North Carolina closer to Medicaid expansion with new passed legislation

During the latest session of North Carolina's General Assembly, the state House of Representatives and Senate passed separate bipartisan legislation that will move the state closer to expanding Medicaid coverage, WFAE reported July 31. 

It is the first compromise on the issue in a decade, though the chambers were not able to work out their differences before the session ended July 1. 

"We are closer than ever to agreement on Medicaid expansion," Democratic Gov. Roy Cooper said while signing North Carolina's 2022 state budget. 
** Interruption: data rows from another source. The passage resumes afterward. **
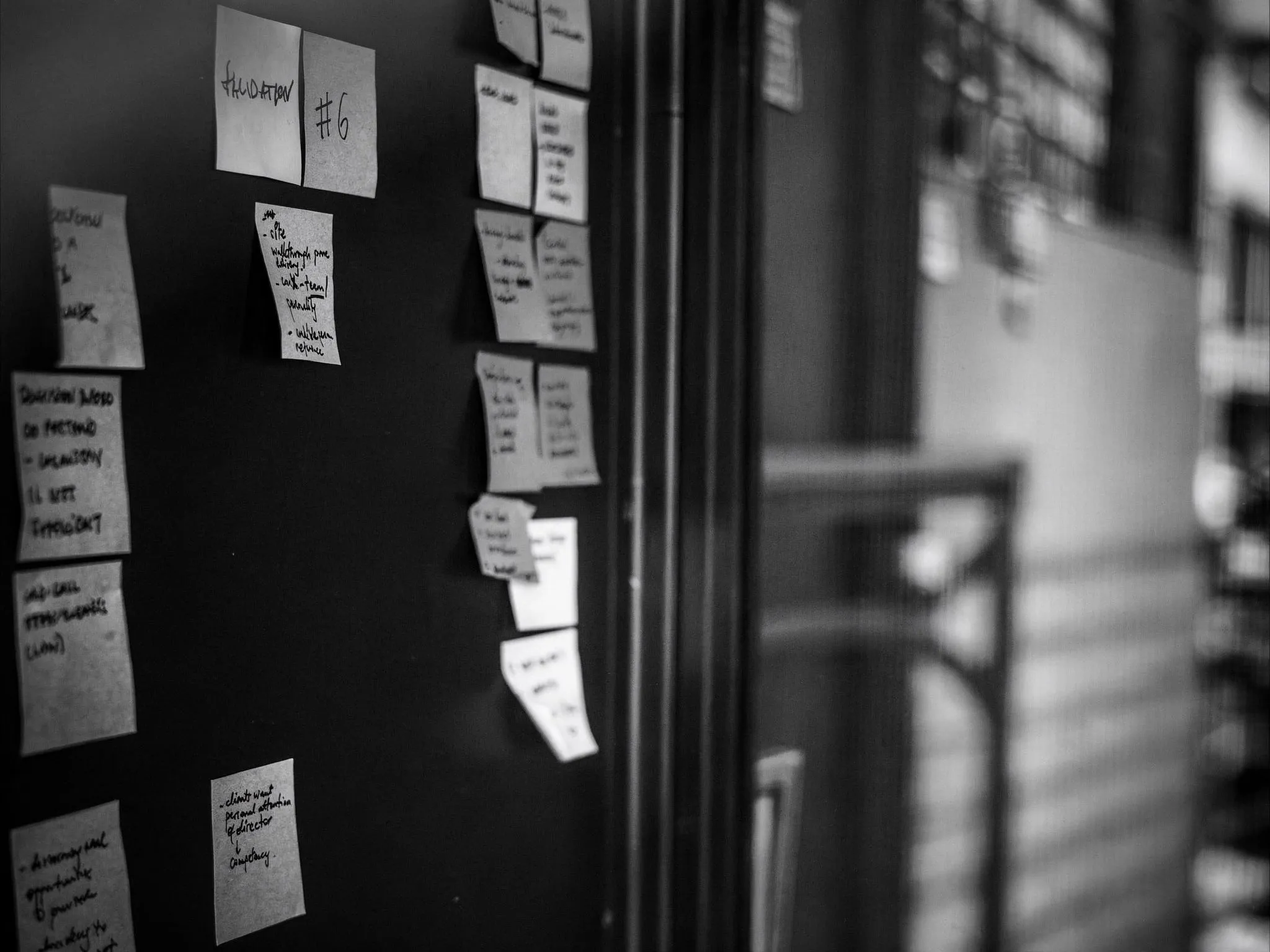 Mur de bureau couvert de post-it manuscrits, photographié en noir et blanc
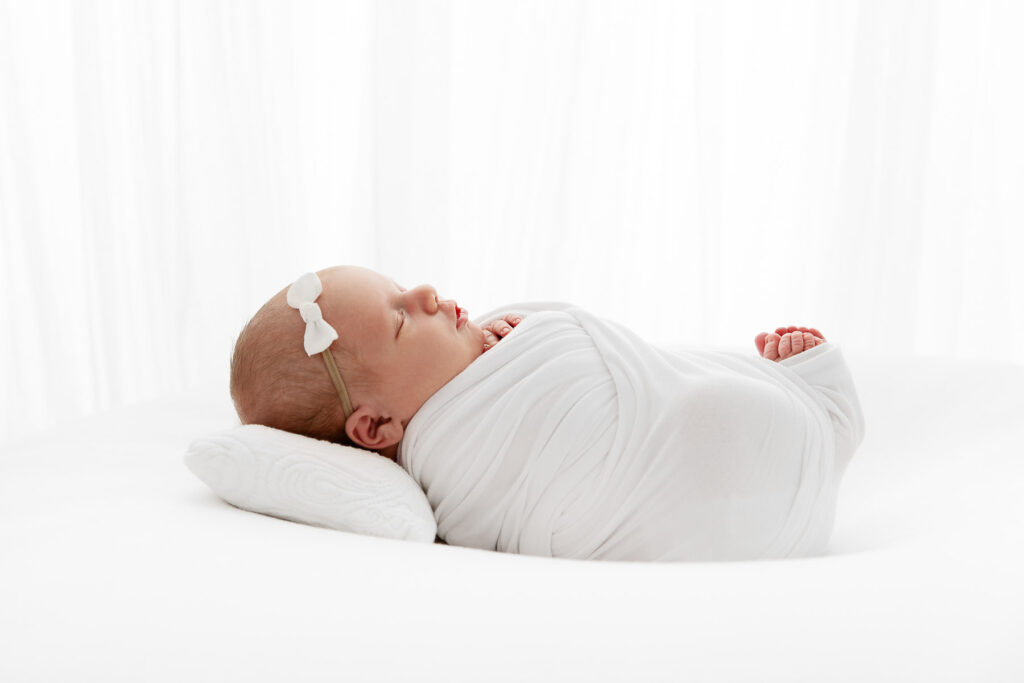 backlit image of newborn baby girl sleeping on a white pillow with toes peeking out of the swaddle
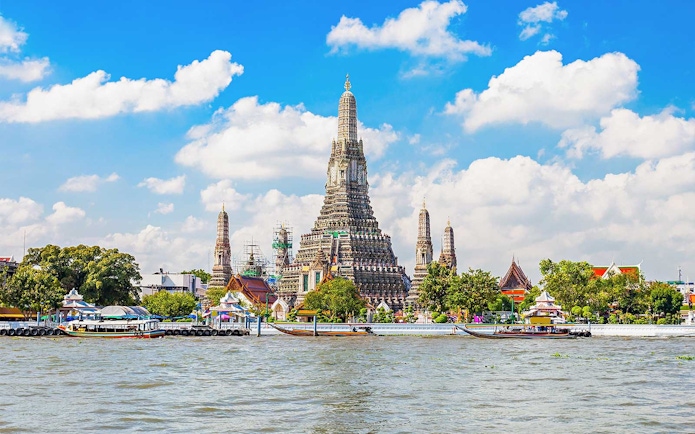 Wat Arun temple on Chao Phraya River, Bangkok, with boats in foreground.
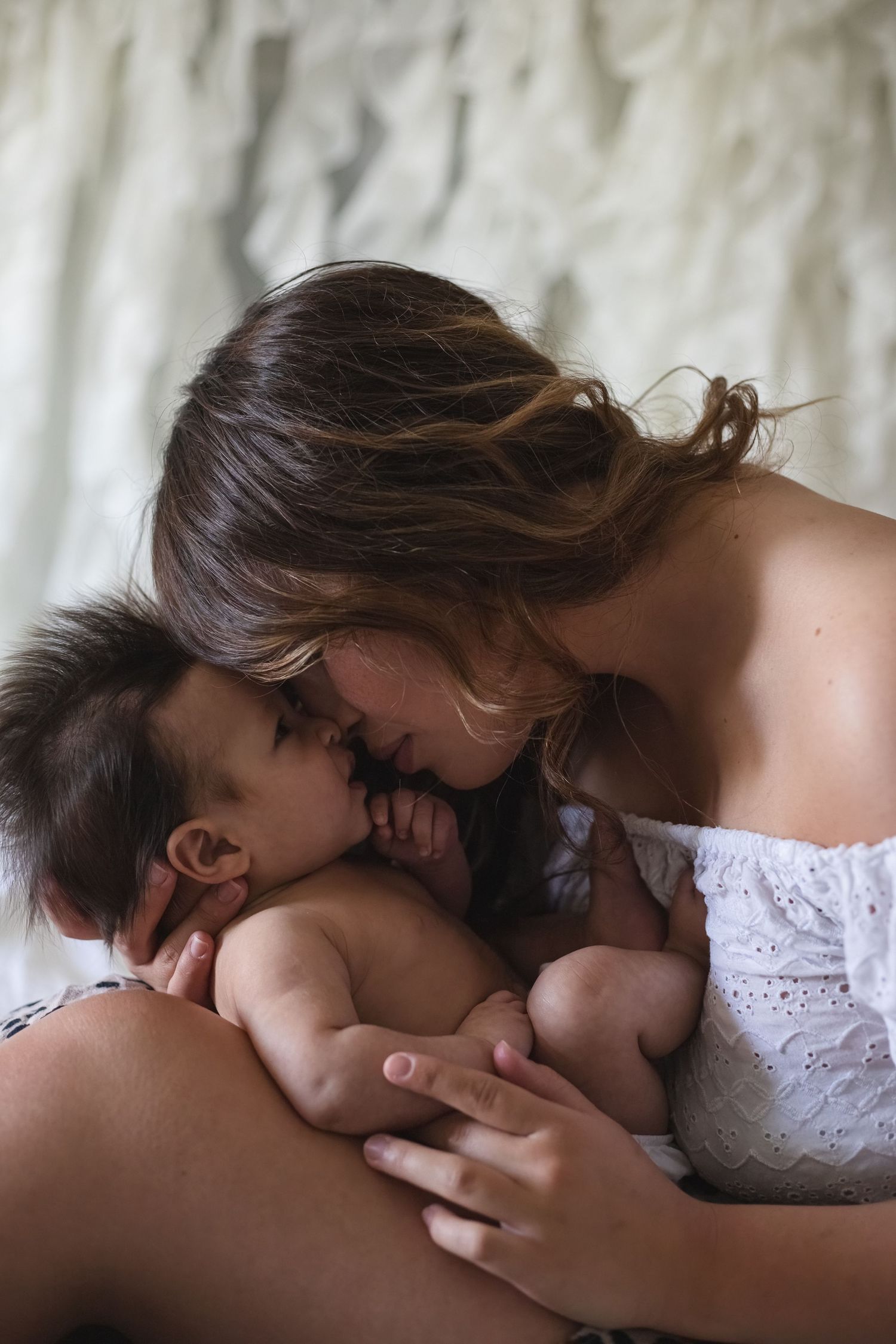 A tender moment between a parent and baby as they share loving nose kisses while lying down.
North Carolina Republican state leaders have opposed expansion for years because of a distrust that Congress would actually pay 90 percent of expansion costs and argued the state had already overspent on Medicaid. 

Now, after seeing the federal government has made good on its promise of providing funding and that North Carolina Medicaid spending is under control, state Republicans have become more open to expansion. 

GOP leaders don't expect the state to have to spend more than $600 million a year with the expansion, which they are assured can be covered through state hospital and insurance plan assessments.


"There is a lot of work that needs to be done ... but overall we are feeling extremely encouraged by how far we've come," Erica Palmer Smith, executive director of Care4Carolina, a coalition in support of Medicaid expansion, told WFAE.